Path: utzoo!utgpu!news-server.csri.toronto.edu!cs.utexas.edu!swrinde!zaphod.mps.ohio-state.edu!cis.ohio-state.edu!ucbvax!WATSON.IBM.COM!jbs
From: jbs@WATSON.IBM.COM
Newsgroups: comp.arch
Subject: IEEE arithmetic
Message-ID: <9106150258.AA16308@ucbvax.Berkeley.EDU>
Date: 15 Jun 91 02:33:45 GMT
Sender: daemon@ucbvax.BERKELEY.EDU
Lines: 63


          Dik Winter said (the issue is whether 3x is a realistic
estimate of how much slower interval arithmetic will be compared to
straight floating point):
 > How come unrealistic?  Example, interval add a to b giving c:
 >         set round to - inf;
 >         c.low = a.low + b.low;
 >         set round to + inf;
 >         c.upp = a.upp + b.upp;
 > why would this be more than 3x slower than straight floating point?
          I said:
 >         Because it's 4 instructions vrs 1.
          Dik Winter:
Thus it would be 4 times as slow if each instruction takes exactly the same
time to issue.  This is not true on processors where the FPU is not pipelined
(in that case the setting of the rounding mode is much faster than the
addition).  It might also not be true on some pipelined processors, i.e.
if the multiply unit is not pipelined.  Etc.  Do you indeed know machines
where the above sequence would be four times as slow as a normal multiply?

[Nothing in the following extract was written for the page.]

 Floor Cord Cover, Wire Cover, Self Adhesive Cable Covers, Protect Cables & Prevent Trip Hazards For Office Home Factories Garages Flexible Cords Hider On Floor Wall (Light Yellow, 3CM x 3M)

          It will be at least 4 times slower on the Risc System 6000.
It may be more if the set floating mode instructions screw up the pipe-
line (I don't know if they do or not).
          I said
 >                                             Also lets see your code
 > for interval multiplication.
          Dik Winter:
Not difficult, it goes something like:
        if a.low >= 0.0 then
                if b.low >= 0.0 then
                        4 operations
                else if b.upp <= 0.0 then
                        4 operations
                else if b.upp >= - b.low then
                        4 operations
                else
                        4 operations
the remainder is left as an exercise for the reader.  The code is a bit
hairy, and on modern RISC machines you would not put it inline (a subroutine
jump to a leaf routine is extremely cheap).  We see that also here on
many machines the multiply operations take most of the time.  (The code
assumes that intervals do not contain inf, if you allow that the code only
gets hairier, not much more time consuming.)

          Some comments:
     1.  Handling this by a subroutine call would seem to require 4
floating loads to pass the input arguments and 2 floating loads to re-
trieve the answers.  This is already expensive.
     2.  All the floating compares and branches will severely impact
performance on the Risc System 6000.  The slowdown will be much more
than 3x.
     3.  Do you know of any machine where the above code will average
3x (or less) the time of a single multiply?
          On another topic Dik Winter said:
But you can get reasonable results without any pivoting if the condition
is very good!

          The need for pivoting is unrelated to the condition number.
This matrix 0 1 has condition number 1 and requires pivoting.
            1 0
This matrix 1+e 1-e (e small) has bad condition number and is not help-
            1-e 1+e           ed by pivoting.
                      James B. Shearer